> [Task goal] Please copy the data exactly as it stands, minus the images.

********

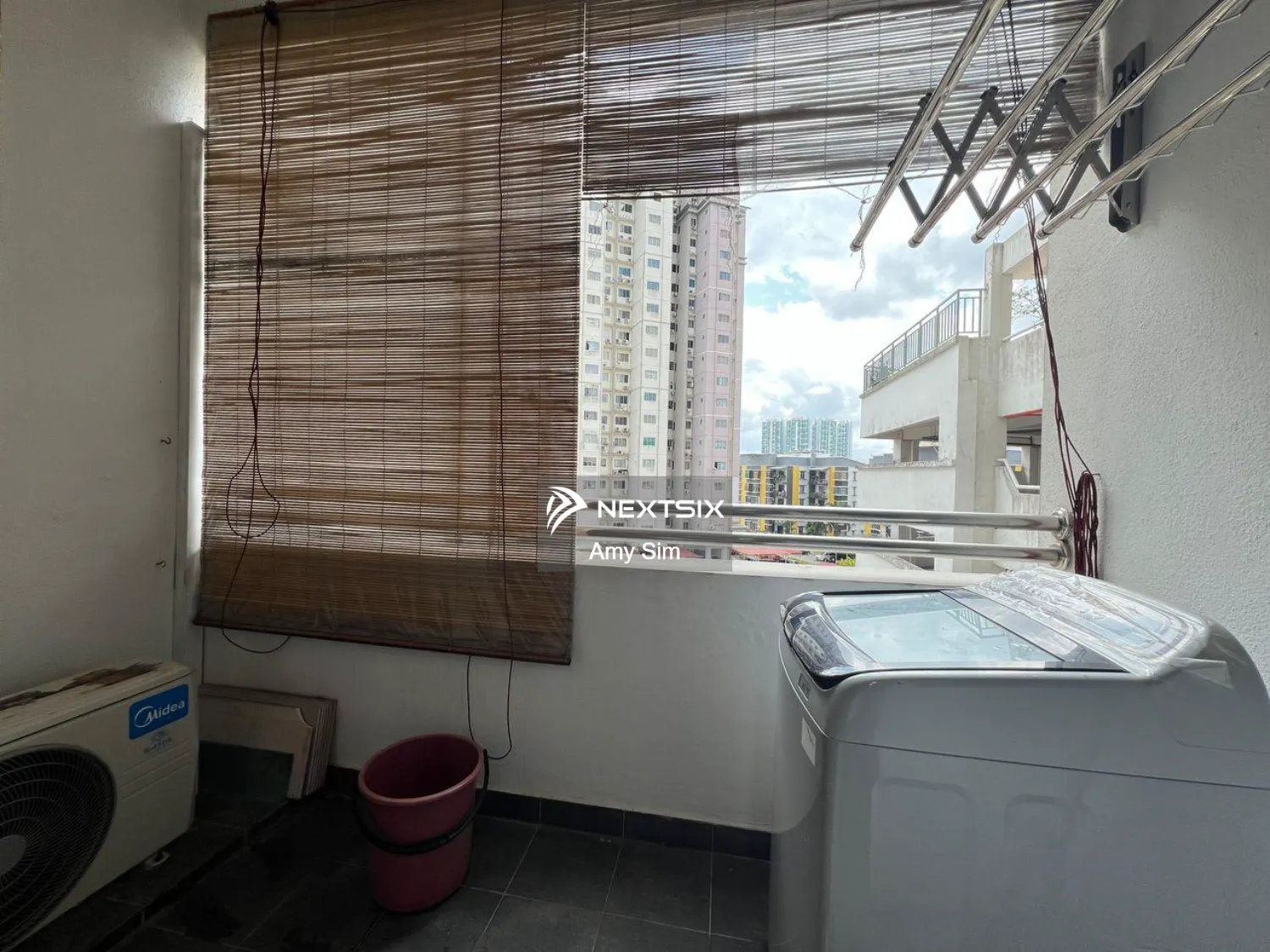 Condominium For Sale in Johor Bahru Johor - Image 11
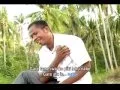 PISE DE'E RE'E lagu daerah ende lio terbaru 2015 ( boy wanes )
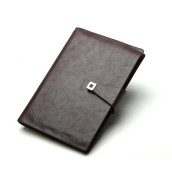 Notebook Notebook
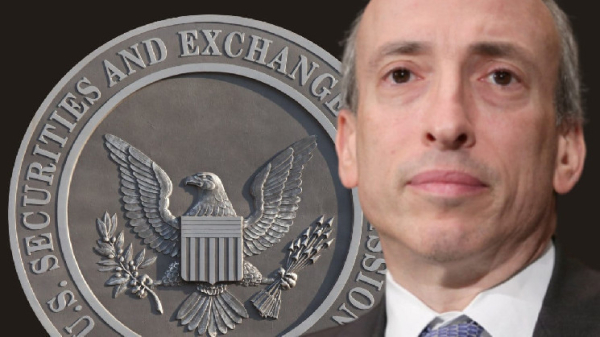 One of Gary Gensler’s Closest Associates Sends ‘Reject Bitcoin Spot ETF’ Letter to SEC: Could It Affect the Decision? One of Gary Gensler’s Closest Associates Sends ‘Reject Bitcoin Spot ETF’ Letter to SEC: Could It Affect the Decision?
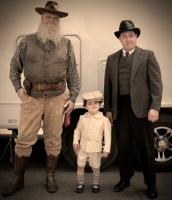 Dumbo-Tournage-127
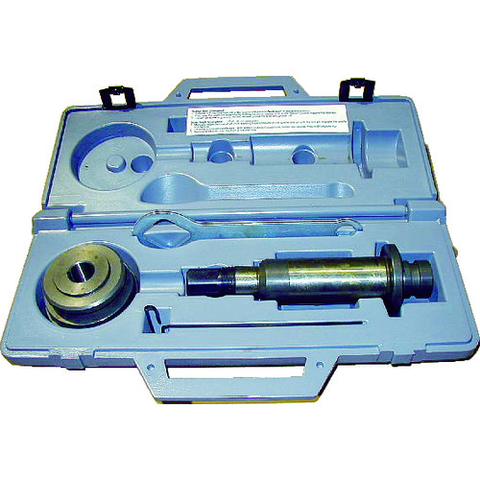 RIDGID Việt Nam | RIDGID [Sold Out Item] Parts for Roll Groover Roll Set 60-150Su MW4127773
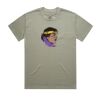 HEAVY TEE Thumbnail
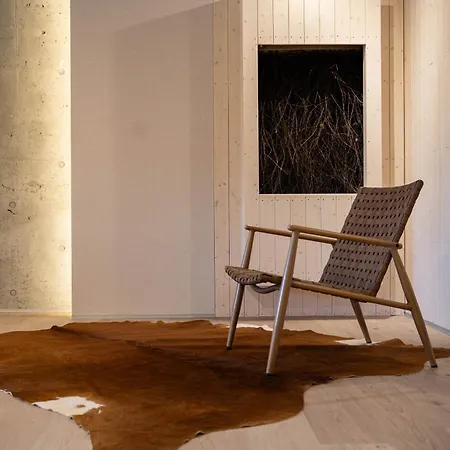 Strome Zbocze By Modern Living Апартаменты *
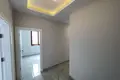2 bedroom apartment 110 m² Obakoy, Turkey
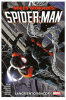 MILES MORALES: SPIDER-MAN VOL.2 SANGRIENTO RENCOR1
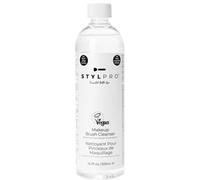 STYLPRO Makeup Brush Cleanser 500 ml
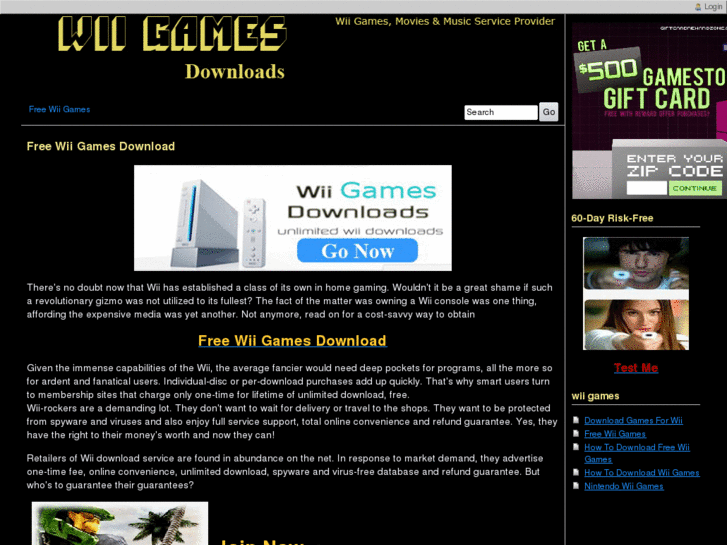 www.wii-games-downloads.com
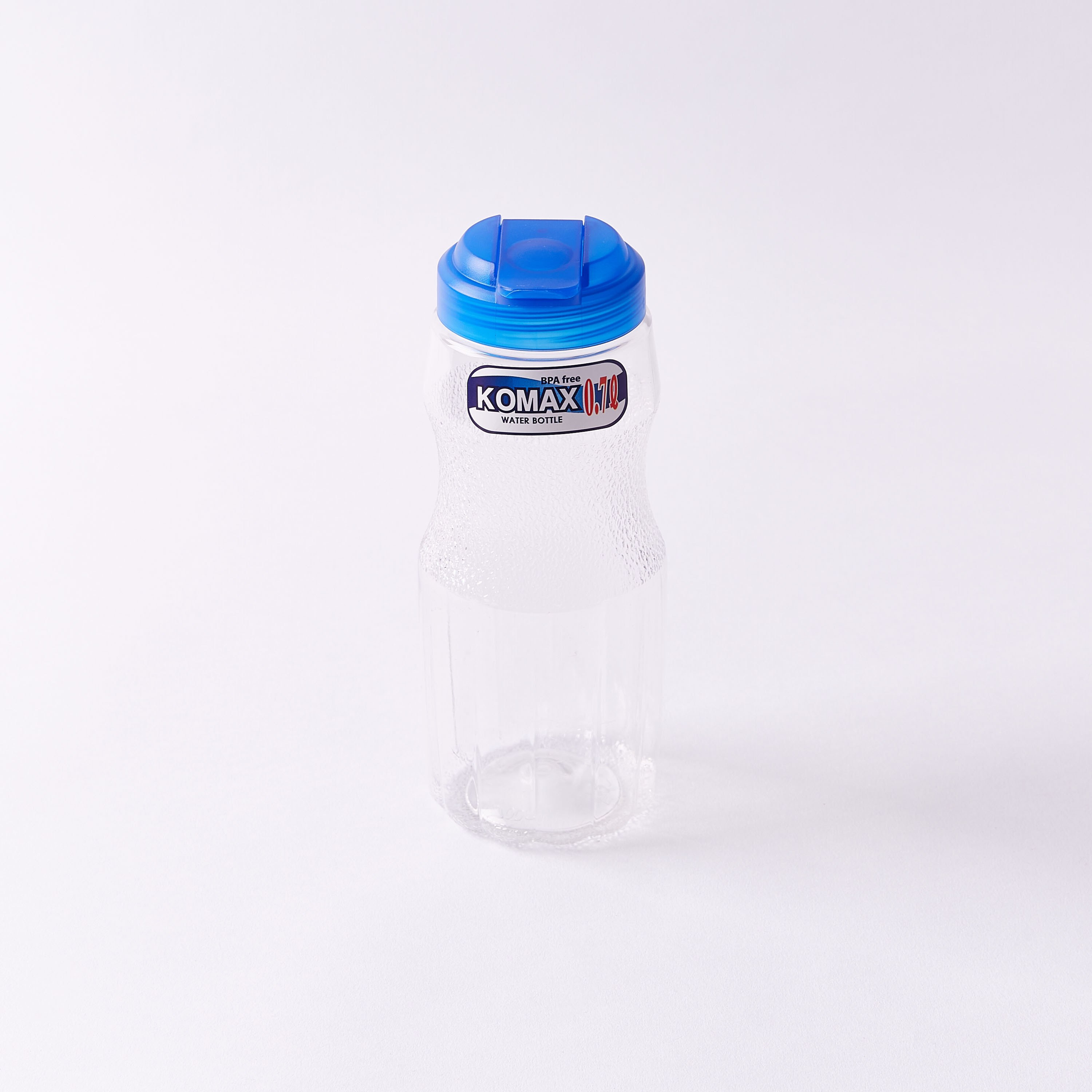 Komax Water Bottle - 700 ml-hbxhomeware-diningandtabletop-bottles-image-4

********

> [The answer]
 Condominium For Sale in Johor Bahru Johor - Image 11
 PISE DE'E RE'E lagu daerah ende lio terbaru 2015 ( boy wanes )
 Notebook Notebook
 One of Gary Gensler’s Closest Associates Sends ‘Reject Bitcoin Spot ETF’ Letter to SEC: Could It Affect the Decision? One of Gary Gensler’s Closest Associates Sends ‘Reject Bitcoin Spot ETF’ Letter to SEC: Could It Affect the Decision?
 Dumbo-Tournage-127
 RIDGID Việt Nam | RIDGID [Sold Out Item] Parts for Roll Groover Roll Set 60-150Su MW4127773
 HEAVY TEE Thumbnail
 Strome Zbocze By Modern Living Апартаменты *
2 bedroom apartment 110 m² Obakoy, Turkey
 MILES MORALES: SPIDER-MAN VOL.2 SANGRIENTO RENCOR1
 STYLPRO Makeup Brush Cleanser 500 ml
 www.wii-games-downloads.com
 Komax Water Bottle - 700 ml-hbxhomeware-diningandtabletop-bottles-image-4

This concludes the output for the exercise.